------ DATA SUPPLIED ------
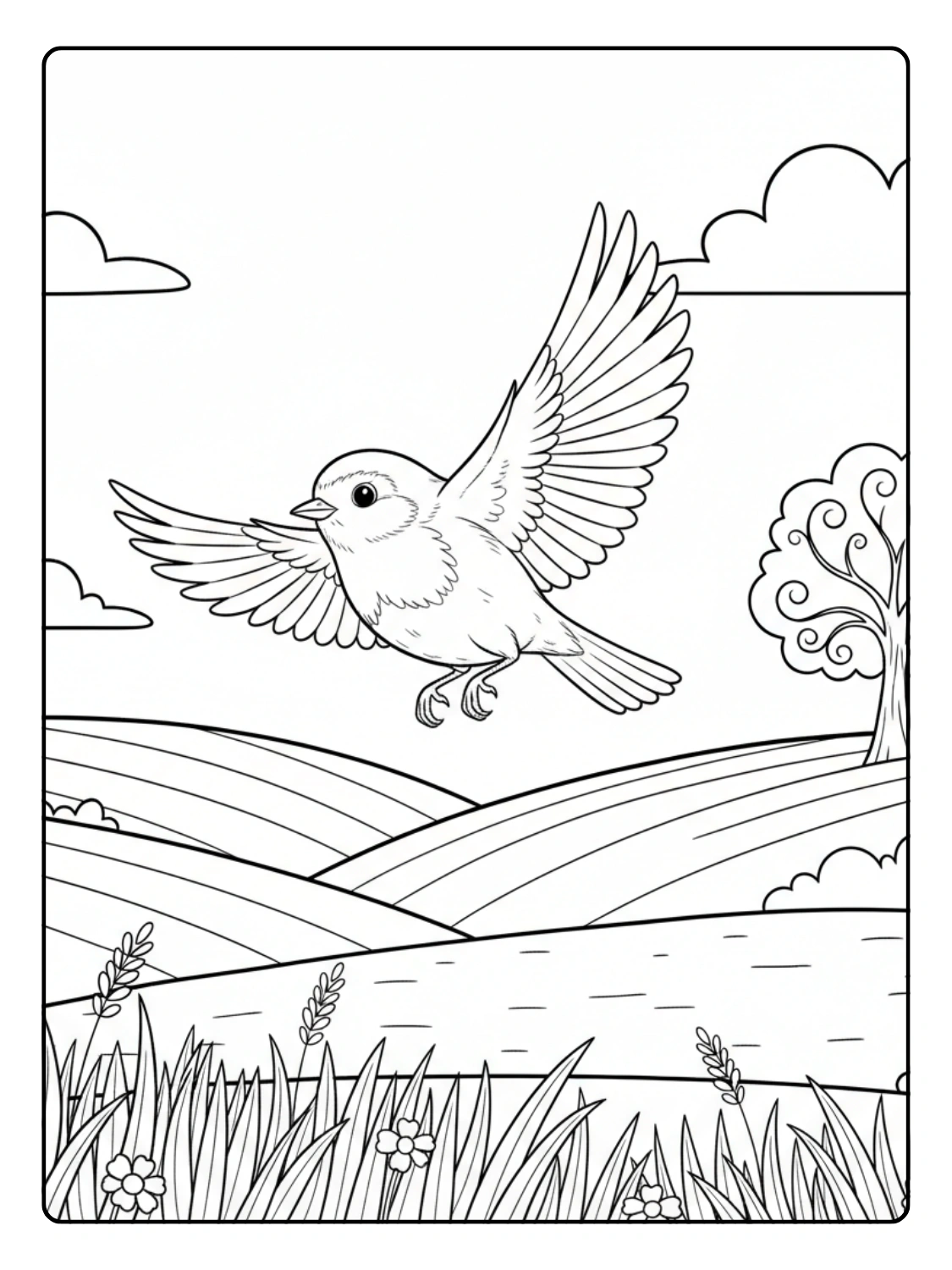 Robin Coloring Pages Flying Over Meadow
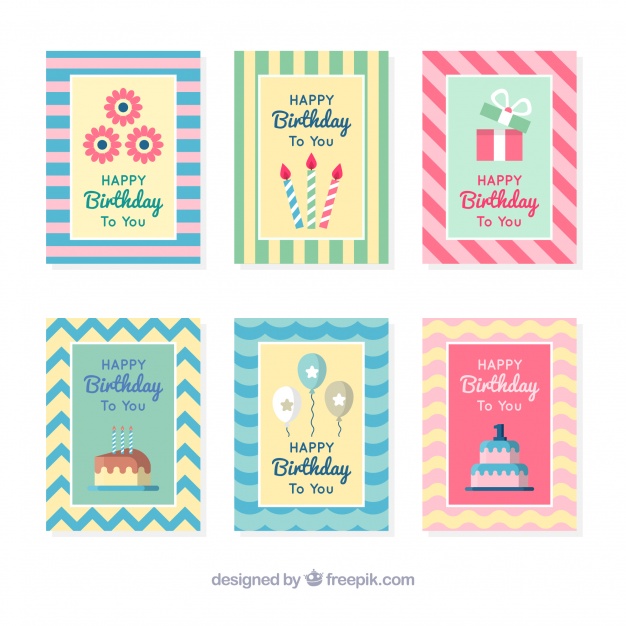 دانلود وکتور Pack of pretty birthday stripes cards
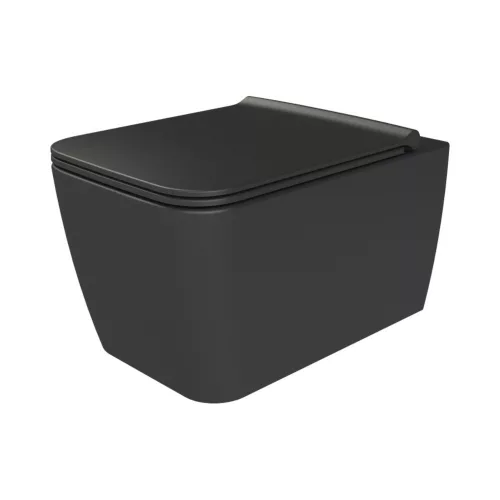 CeraStyle HERA fali WC - MATT FEKETE - rimless - perem nélküli - rejtett szerelésű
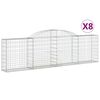 vidaXL Cestos gabi&atilde;o arqueados 8 pcs 300x30x80/100cm ferro galvanizado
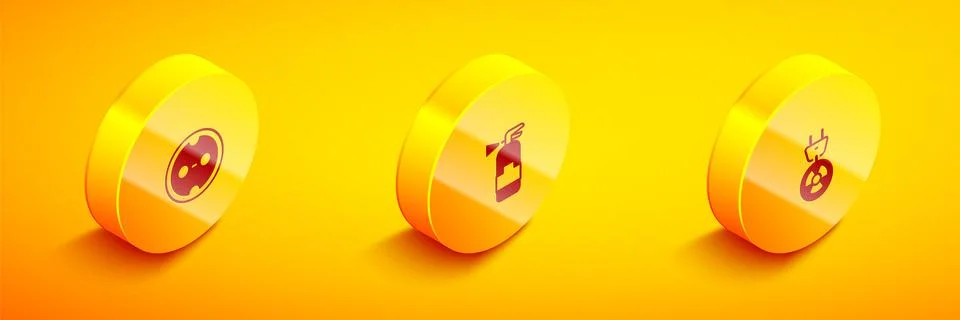 Set Isometric Electrical outlet, Fire extinguisher and Radiation electrical plug Stock Illustration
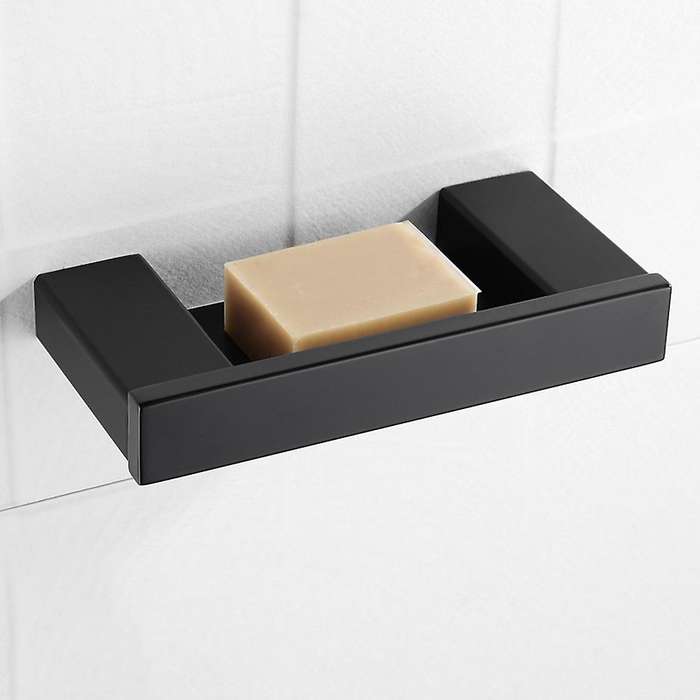 Matte Black Square Stainless Steel Soap Dish Wall-Mounted Soap Holder Bathroom Accessories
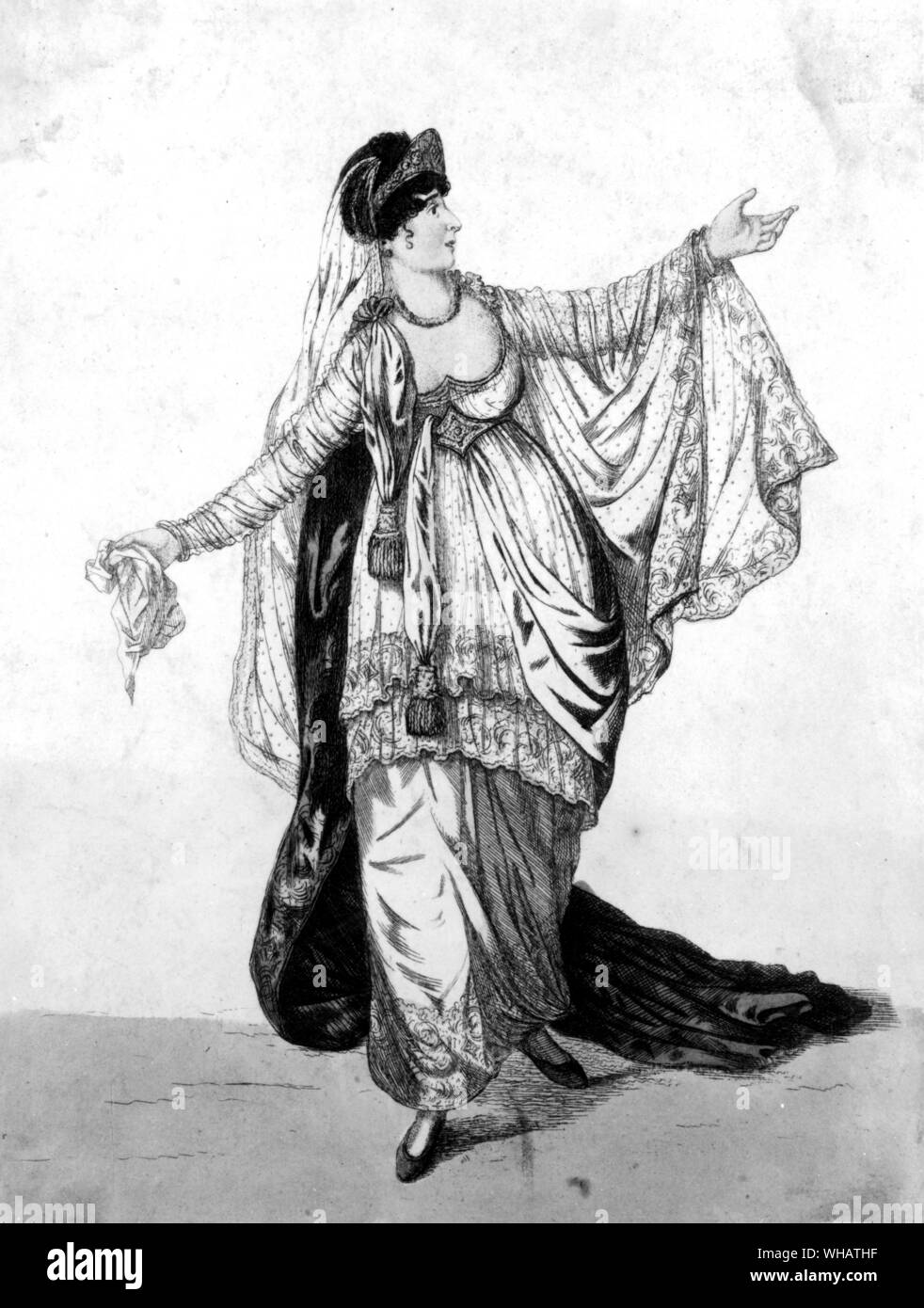 Mme Catalani dans Semiramide opera par Portogallo 1806. Par R Dighton. Banque D'Images
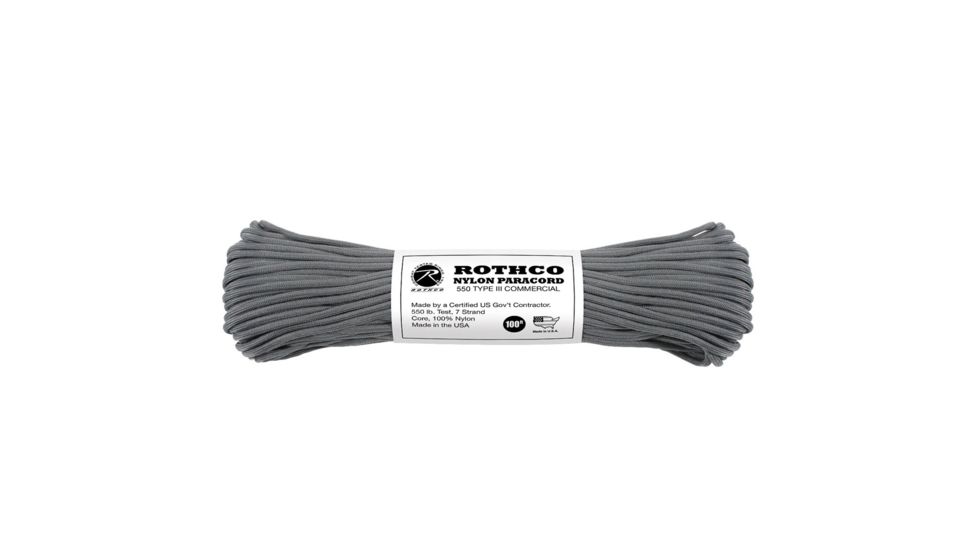 Rothco Nylon Paracord Type III 550 LB 100FT, Charcoal Grey, 128-CharcoalGrey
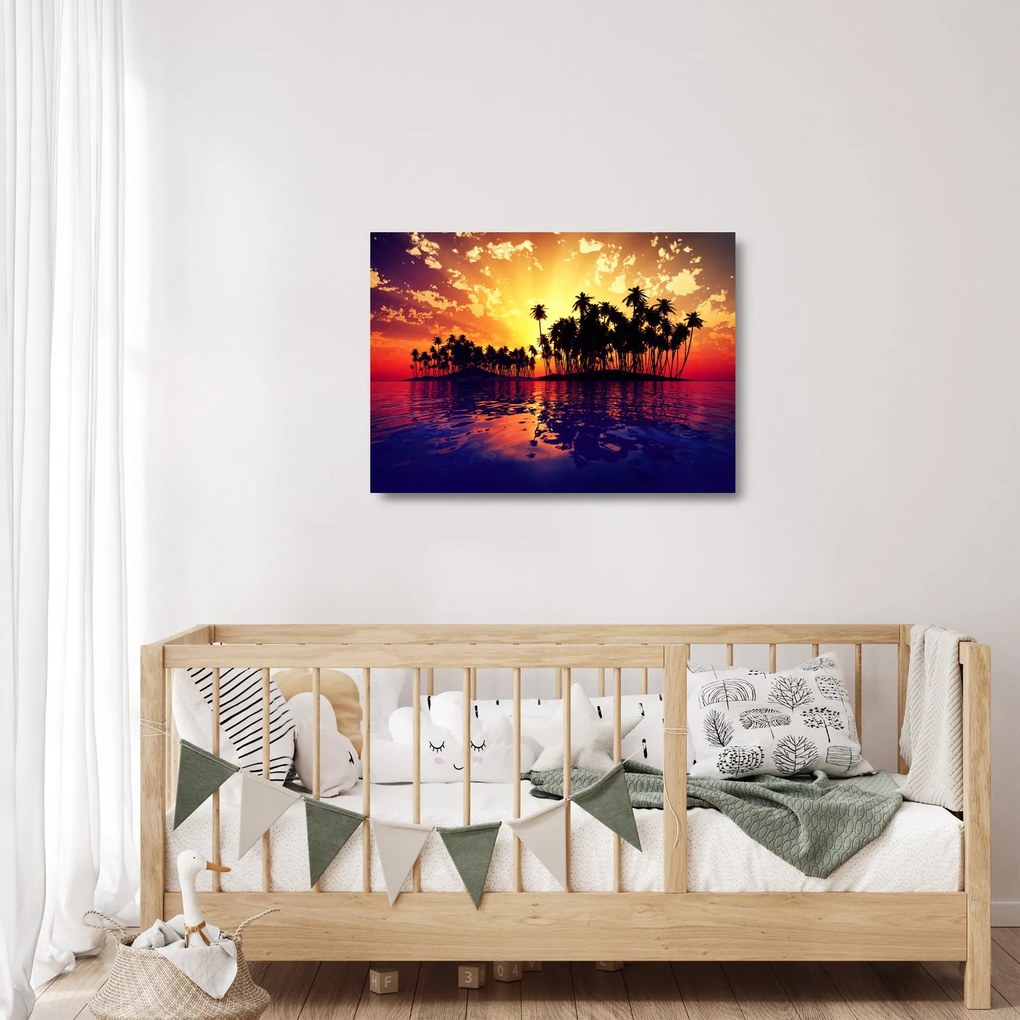 Sklenený obraz ostrovu pri západe slnka (70x50 cm)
------
REQUIREMENT:
Write the lines from the line containing "CeraStyle HERA fali" through the last line of the data out again exactly, and only those lines; pictures stay out.

TASK OUTPUT:
 CeraStyle HERA fali WC - MATT FEKETE - rimless - perem nélküli - rejtett szerelésű
 vidaXL Cestos gabi&atilde;o arqueados 8 pcs 300x30x80/100cm ferro galvanizado
 Set Isometric Electrical outlet, Fire extinguisher and Radiation electrical plug Stock Illustration
 Matte Black Square Stainless Steel Soap Dish Wall-Mounted Soap Holder Bathroom Accessories
 Mme Catalani dans Semiramide opera par Portogallo 1806. Par R Dighton. Banque D'Images
 Rothco Nylon Paracord Type III 550 LB 100FT, Charcoal Grey, 128-CharcoalGrey
 Sklenený obraz ostrovu pri západe slnka (70x50 cm)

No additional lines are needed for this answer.